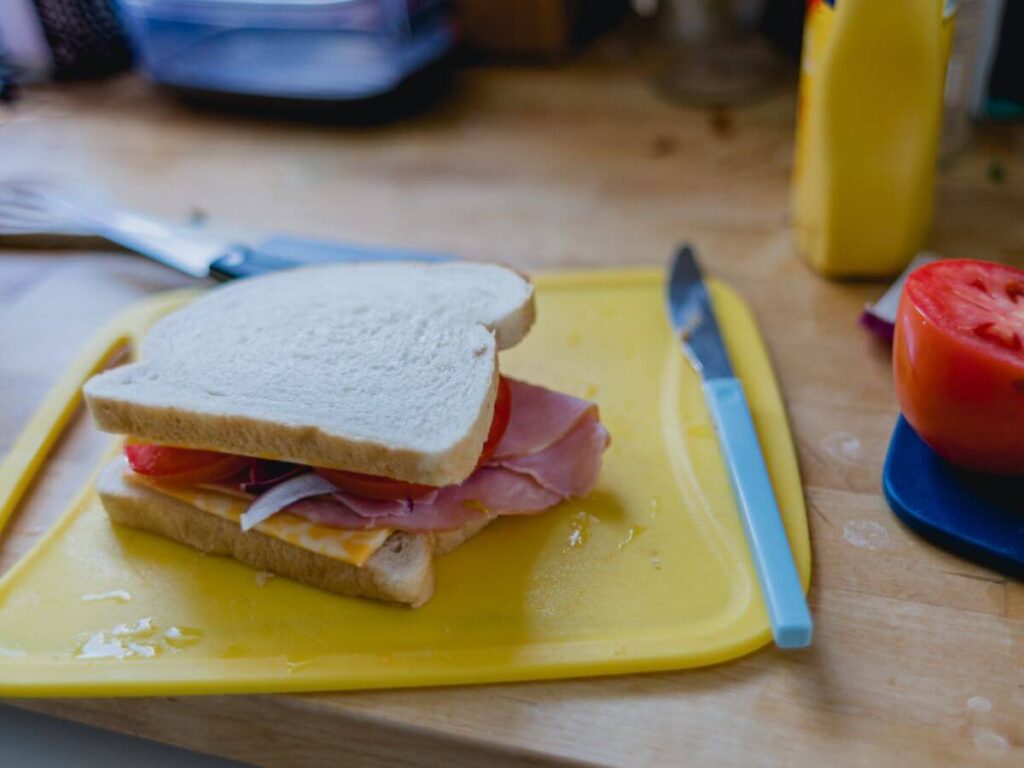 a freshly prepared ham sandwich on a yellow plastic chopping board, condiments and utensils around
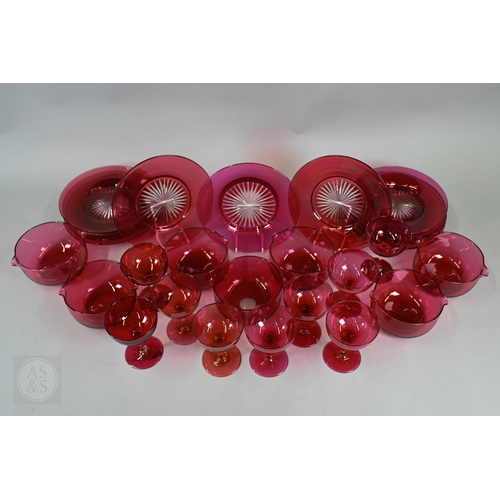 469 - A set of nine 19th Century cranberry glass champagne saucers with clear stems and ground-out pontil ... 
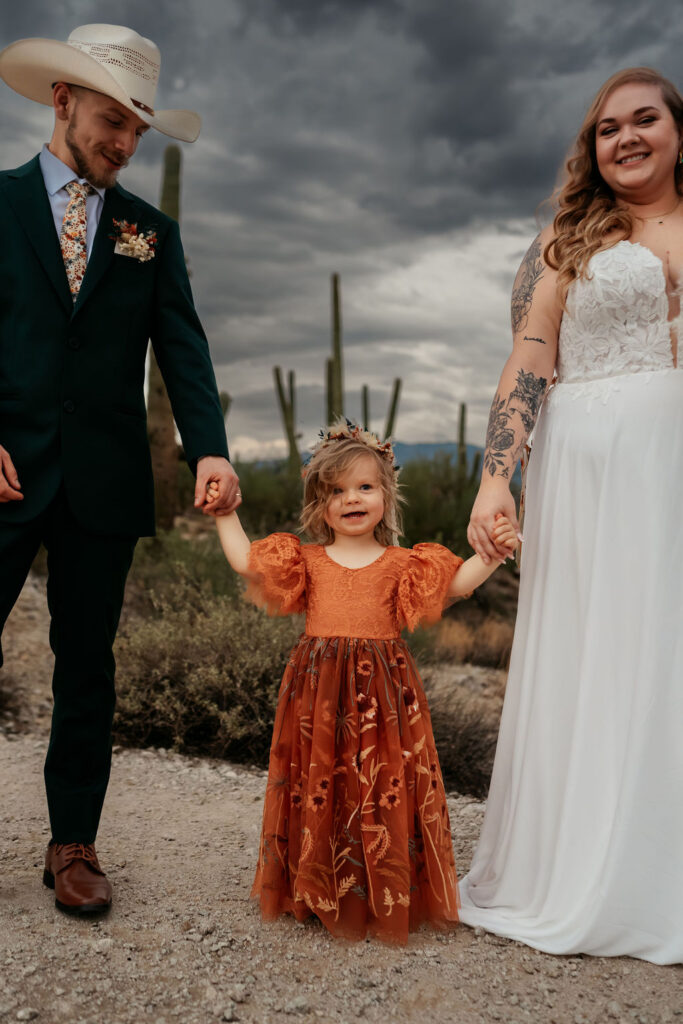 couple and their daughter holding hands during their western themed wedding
---
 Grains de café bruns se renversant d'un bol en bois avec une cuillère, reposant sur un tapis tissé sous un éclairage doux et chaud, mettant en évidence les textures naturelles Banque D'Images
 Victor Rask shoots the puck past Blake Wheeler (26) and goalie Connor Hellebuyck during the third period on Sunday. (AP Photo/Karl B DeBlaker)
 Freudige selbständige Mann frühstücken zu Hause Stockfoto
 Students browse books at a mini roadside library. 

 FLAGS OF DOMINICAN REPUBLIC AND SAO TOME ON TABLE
==
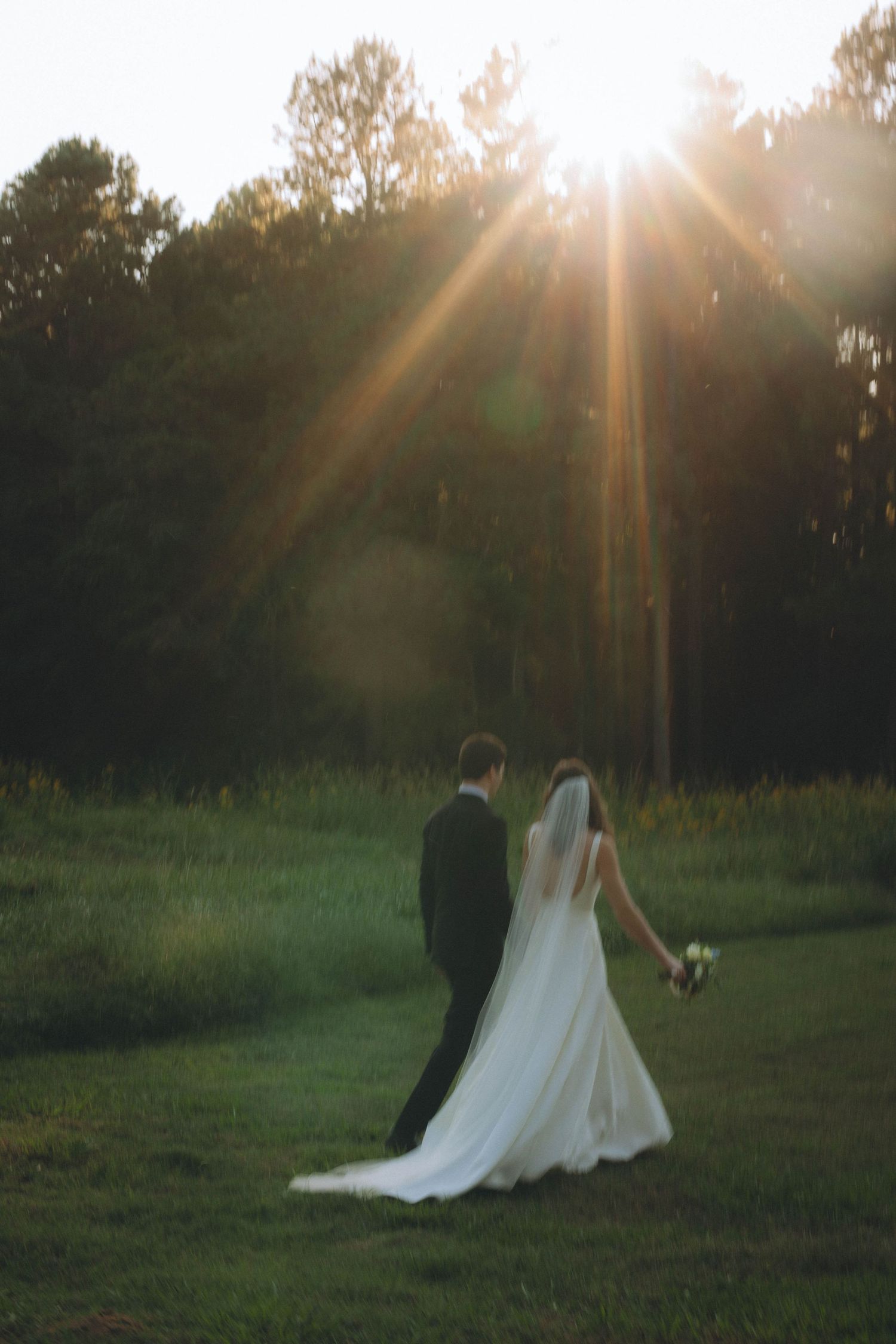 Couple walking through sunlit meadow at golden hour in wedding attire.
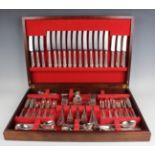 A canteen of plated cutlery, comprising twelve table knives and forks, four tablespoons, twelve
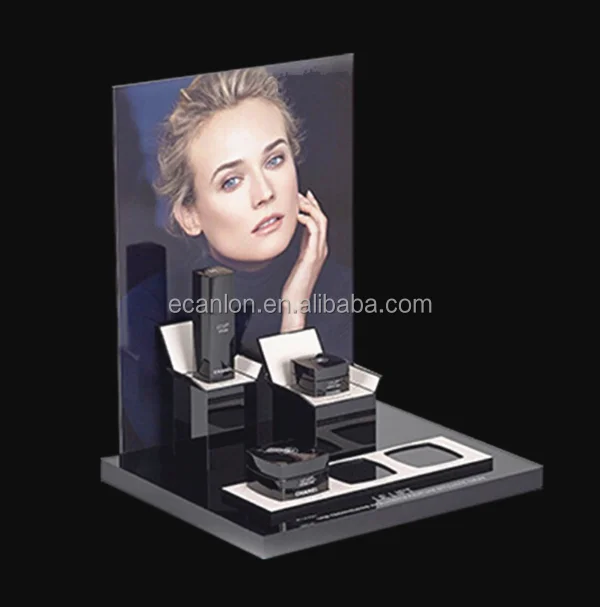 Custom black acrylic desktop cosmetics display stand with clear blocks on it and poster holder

* **Exercise instructions**: Write out word for word the lines above that run from the one with "a freshly prepared" to the one with "469 - A set". Include both end lines; exclude the images.

* **Your solution**:
 a freshly prepared ham sandwich on a yellow plastic chopping board, condiments and utensils around
 469 - A set of nine 19th Century cranberry glass champagne saucers with clear stems and ground-out pontil ... 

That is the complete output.